Described immune deficiency animal comprises the nude mice of T cellular immunity deficiency, as the rabbit of the mouse of nude rat or mouse (BALB/c-nu nude mice), T cell and B cell Reconstruction in Sever Combined Immunodeciency such as SCID mouse, immune deficiency and monkey etc.
Please refer to accompanying drawing 1, accompanying drawing 1 is people's angioma stem cell and the evaluation thereof of culture in vitro.A. show that with the growth curve of MTT analyzing and testing the stem cell that isolates and cultures has vigorous multiplication capacity, increased initial 16 times at 10 days inner cell numbers; B. RT-PCR result shows the positive cell expression stem cell specific gene Oct-4 that CD133 sorts out, and the obvious expression of negative cells obviously weakens, and S9 is confidential reference items; C. flow cytometry shows the mark that separates the mescenchymal stem cells of cultivating such as stem cell expression CD29, CD44.

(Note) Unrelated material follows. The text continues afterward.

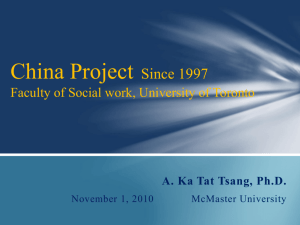 China Project Faculty of Social work, University of Toronto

The angiomatous animal model form that the present invention sets up and institutional framework all are very similar to human angioma, and the time that forms is fast, almost observe the vascularization situation in the gel after the week, just can observe HE and cut into slices and the volume vascularization is arranged in equal visible vessels knurl stem cell and the Human umbilical vein endothelial cells injection group altogether gel, control group does not then have vascularization.Please refer to accompanying drawing 2, accompanying drawing 3 and accompanying drawing 4, accompanying drawing 2 is Matrigel gels of control group hypodermic injection HUVEC, and accompanying drawing 3 is Matrigel gels of hypodermic injection HemSC+HUVEC, and accompanying drawing 4 is HE sections that hypodermic injection HemSC+HUVEC becomes tumor tissue.After 20-30 days in the place of cell inoculation very tangible human angioma lump appears.Please refer to accompanying drawing 5, accompanying drawing 5 is animal models for tumour.The pathological tissue inspection finds, exists in the tissue of animal model to include red blood cell and a large amount of new vessels etc.We contrast with the infantile hemangioma sample from experiments such as immunohistochemical experiment and histologic sectioies, find that every index almost is equal to the feature of infantile hemangioma.This animal model is very suitable for study of pathogenesis and the exploitation human angiomatous medicine for the treatment of or the method for people's angioma, and estimates curative effect and the angiomatous medicine of screening treatment of various treatment angioma medicines.
Angiomatous endothelial cell is from the endothelial tissue separation and purification of people's umbilical vein and cultivates, angiomatous oncocyte also is that separation and purification comes with cultivation from people's angiomatous histocyte, therefore whole angioma has humanized characteristics fully, overcomes the people source characteristic of in the past having only part.Use the fluorescin tracer technique and confirm, all have a large amount of fluorescence at blood vessel and the tumour cell of animal model, show that formed angioma has humanized cell fully and forms.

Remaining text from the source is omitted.